薬機法の関係で効果効能を責めていくのは、事業者側にとっても広告運用をするアフィリエイターにとってもリスクです。

しかし、芸能人が使っているというのは訴求ポイントとして薬機法に引っかかることなく使えるのでアフィリエイターに好まれます。

過去に同社のテレビCMや広告に起用されている方をみると、まつきりな、安達祐実、AAAの伊藤千晃という形で継続的に色々な方を起用しています。

他にもアフィリエイターなどによって漫画LPなどの創意工夫をした広告を目にすることもありました。アフィリエイターにとってもパーソナライズドという商品であることは売りやすい商材であったことでしょう。

競合環境

競合として、パーソナライズドシャンプー、トリートメントは、ユニリーバが展開するLaborica や、事業譲渡を経て運営が続くmixx、そしてI-neが運営するBOTANISTのパーソナライズドシャンプーの事業やCONSTELLA(コンステラ)がありますが、いずれもMEDULLAが圧倒しているように思います。

最初に事業をはじめただけではなくアフィリエイトを駆使した拡大戦略が非常にうまく言ったように思います。
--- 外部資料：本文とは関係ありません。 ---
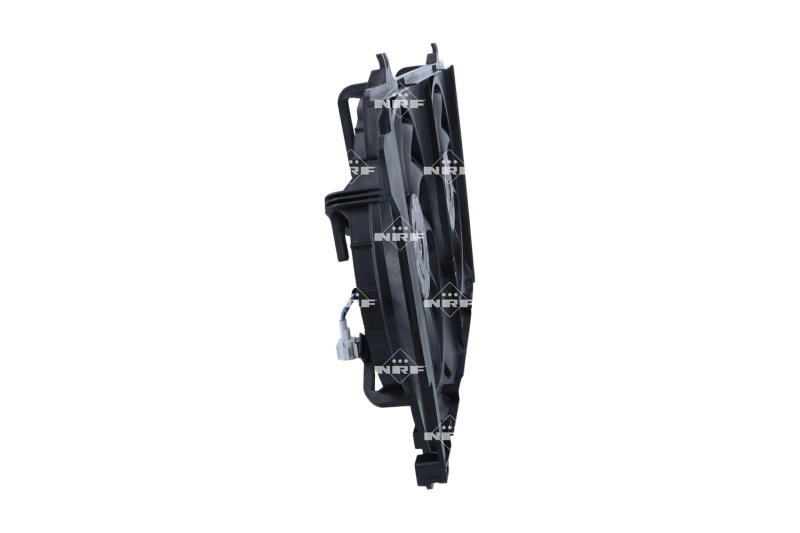 Ventilator radiator racire
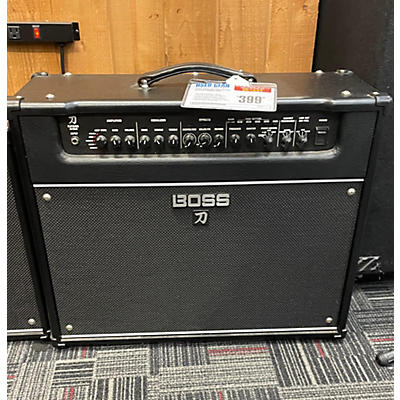 BOSS Katana Artist Guitar Combo Amp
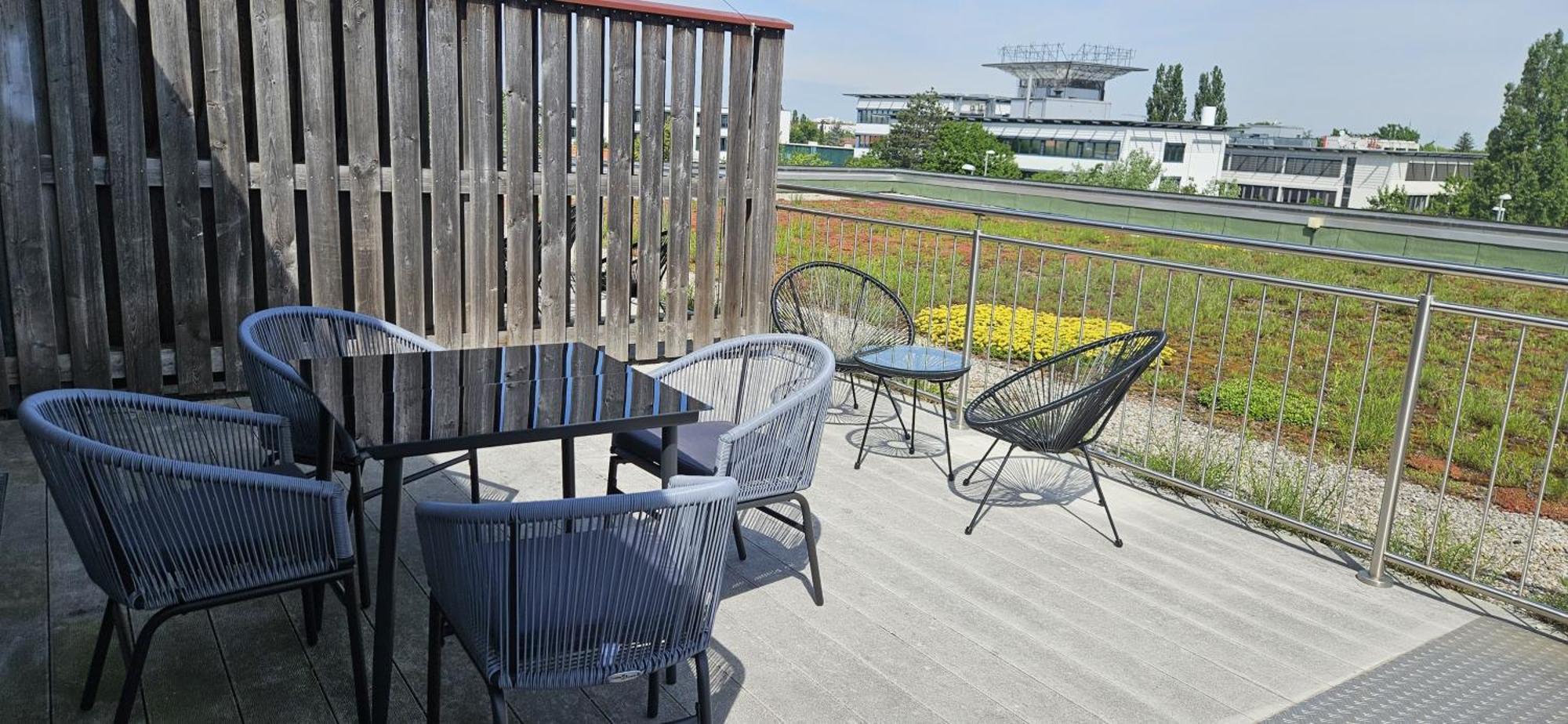 Global Living - Design Apartments I Terrace I Kitchen I Smart-Tv I Parking Space I Muenchen エクステリア 写真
そのため競合は実質的にパーソナライズド市場ではいない状態です。MEDULLAが競合としているのは、美容室における美容師のオススメしてくるシャンプーやトリートメントなどが該当してくるといえます。

月額6,980円(税抜)であるため、ドラッグストアのような1000円未満の安価な商品が競合になることはなく高価なシャンプートリートメントは、美容室で購入するような商品とバッティングしてくるといえるでしょう。
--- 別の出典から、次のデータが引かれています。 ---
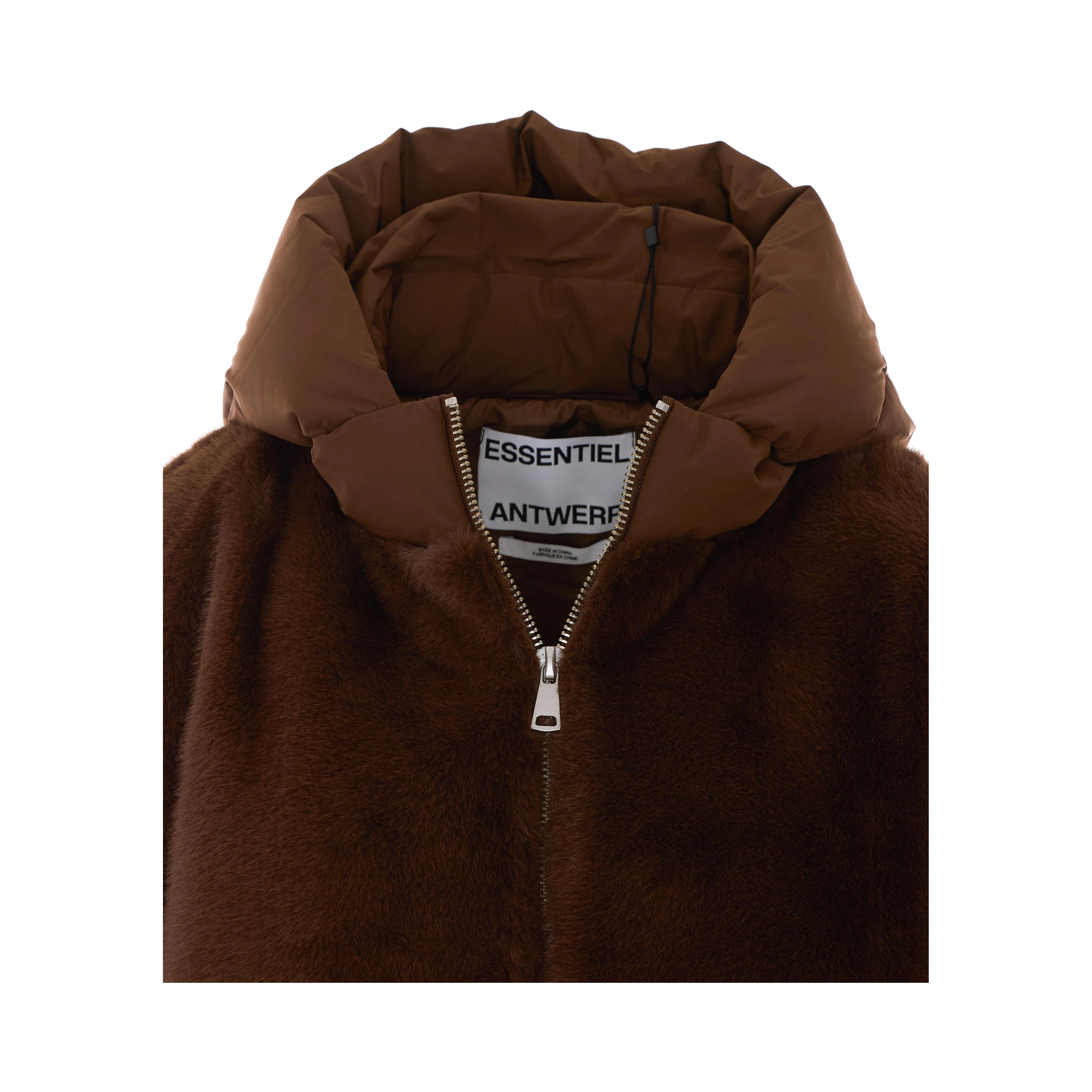 ESSENTIEL ANTWERP Jackets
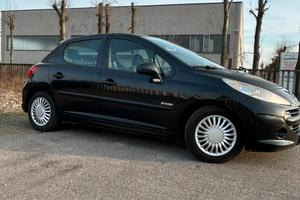Peugeot 207 1.4 HDI 5P 70 CV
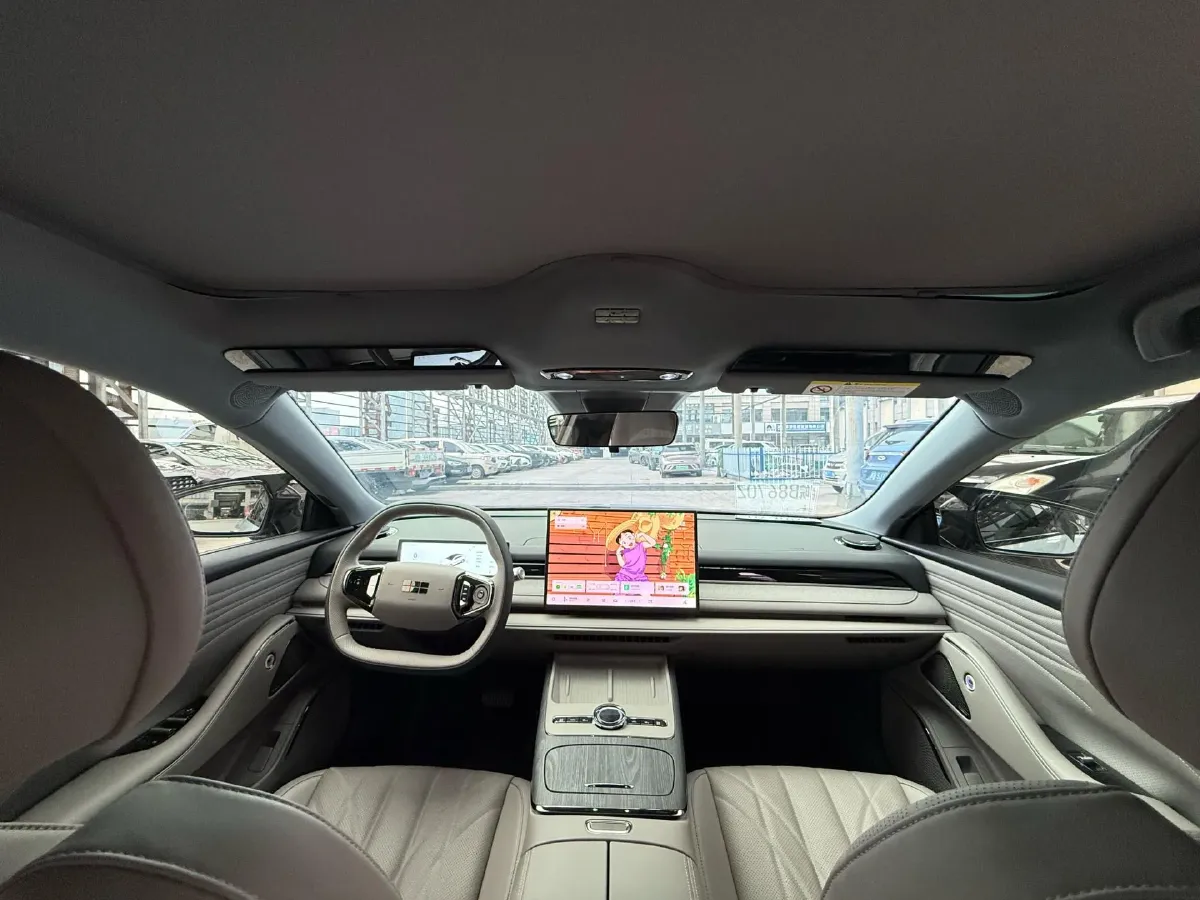 2025 Geely Galaxy Starshine 8 1.5L 112HP L4 1DHT PHEV,autocango,china used car exporter,china ev exporter,chinese used car exporter,chinese used ev exporter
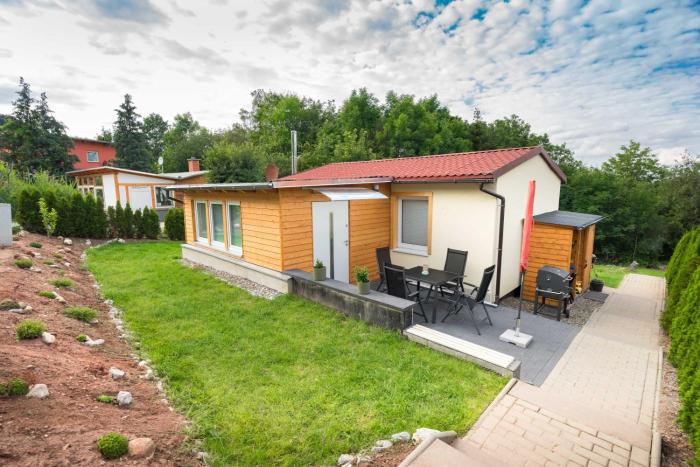 Ferienhaus Harzblüte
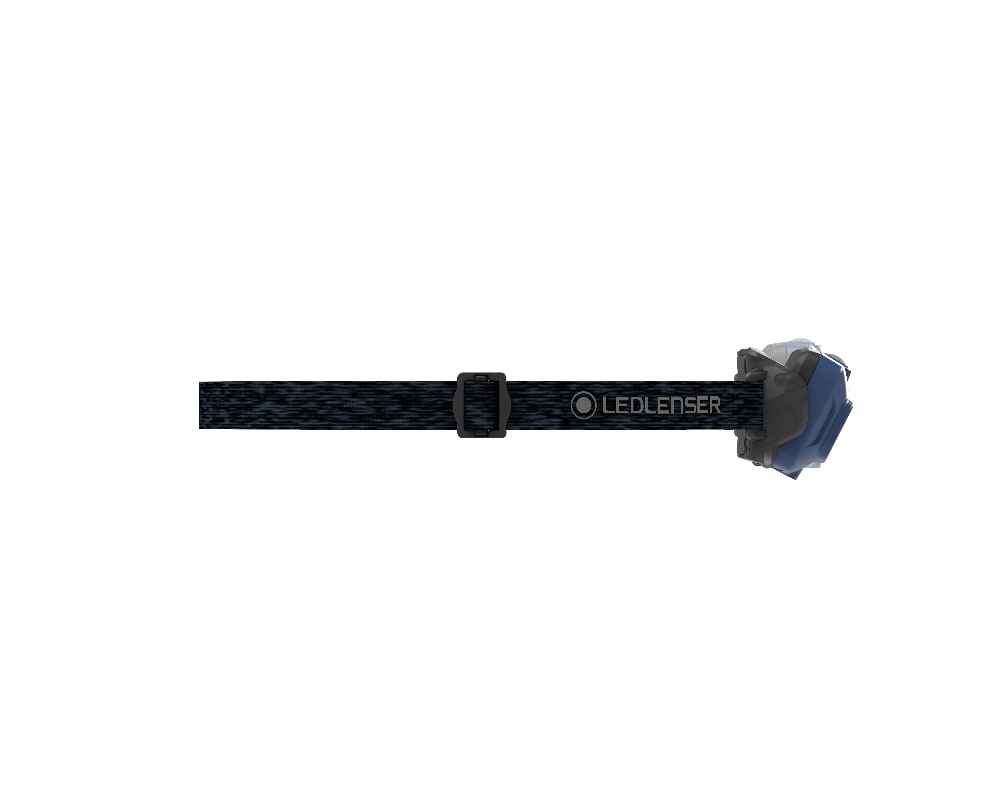Ledlenser HF4R Core Headlamp Blue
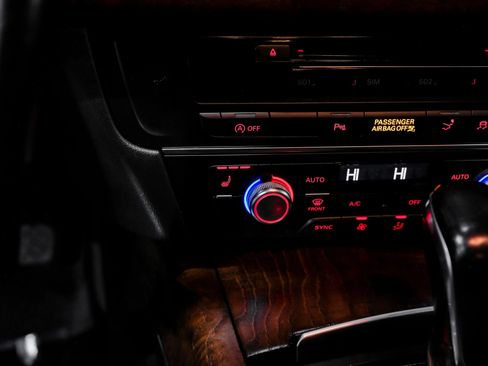 Used 2016 Audi A7 3.0T Premium Plus image 30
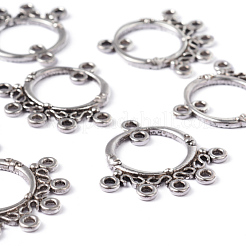 Liens de composants de lustre de style tibétain&nbsp;EA9736Y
一方で、パーソナライズドという体験をしたことがない方にとっては全く新しいものであり、新たな市場を開拓したといえます。

最初は提携した美容室の店舗での診断もありましたが、これから自社で美容室経営を拡大していくのではないかと予想されます。

さて、Sparty社はベンチャーでありながら大型な資金調達によって成長しています。株主についてみてみましょう。

株主

株主はOEMメーカーであるサティス製薬に加えて、XTech Ventures、アカツキ、ジンズホールディングス、丸井グループが入っています。XTech Venturesは有望なD2Cへの投資を行っていますし、店舗を構えてメガネ事業で成功してきたジンズの存在も大きいでしょう。
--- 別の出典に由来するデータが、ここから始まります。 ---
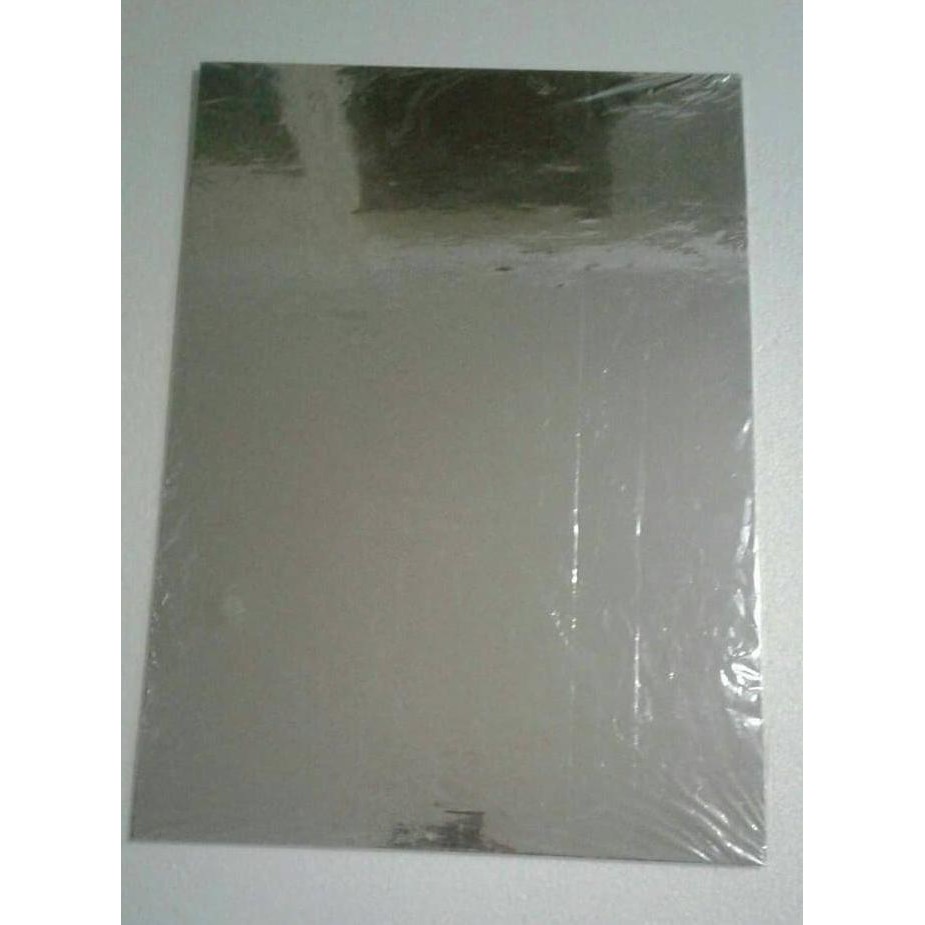 Kitchen- Terbaik-484A2 Tatak Triplek + Styrofoam Ukuran 50X70Cm Tebal 2Cm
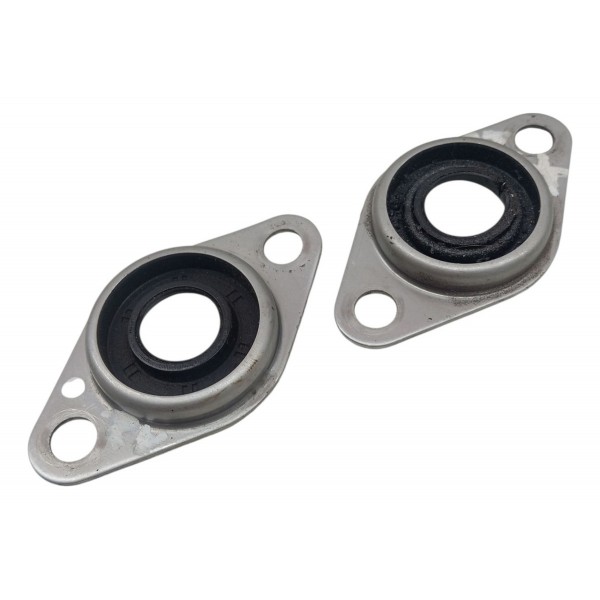 Par Retentor Tampa Valvula Hyundai Azera 3.0 2012 2013 2014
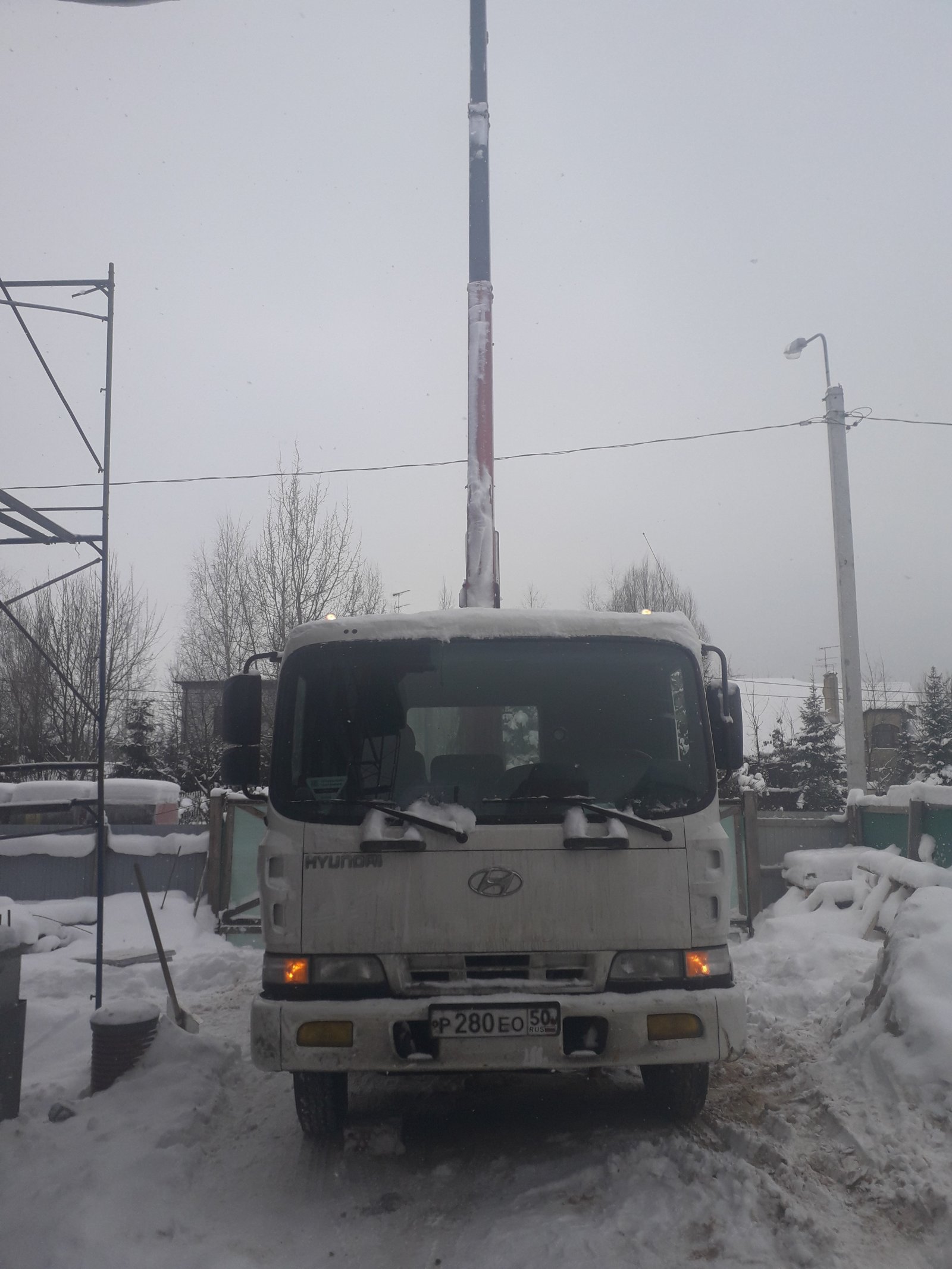 Доставка груз от собственника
そして何より、常設店やポップアップをするにあたっての最大のパートナーであったマルイを展開する丸井グループの出資は大きいと予想されます。

丸井側もD2Cへの投資を増やしていますし、成長株のD2C銘柄であるSpartyへの出資は良い機会となったでしょう。

OEMや小売を株主にしていく戦略は理にかなっているといえます。特にOEM側の出資は例が少なかったですし、結果的に救済的な出資でしたが、サティス製薬にとってもSpartyにとっても大きい資本業務提携だったように思います。

今後も出資したい企業は多く、もしくは調達せずにそのまま上場まで行くかもしれません。ここまで順調に美容領域で伸びている企業も珍しいのではないでしょうか。

株主一覧

パーソナライズド市場の先駆け

Function of Beautyがアメリカのパーソナライズドシャンプーでは先行者としてありましたが、日本ではパーソナライズドシャンプーはなく、MEDULLAが先駆けでした。

他にもサプリをはじめパーソナライズド市場がでてきていますが、2020年前後のパーソナライズド市場を開拓したのはMEDULLAではないかと思います。サプリですとポーラ・オルビスに買収されたFUJIMIなどが代表的ですね。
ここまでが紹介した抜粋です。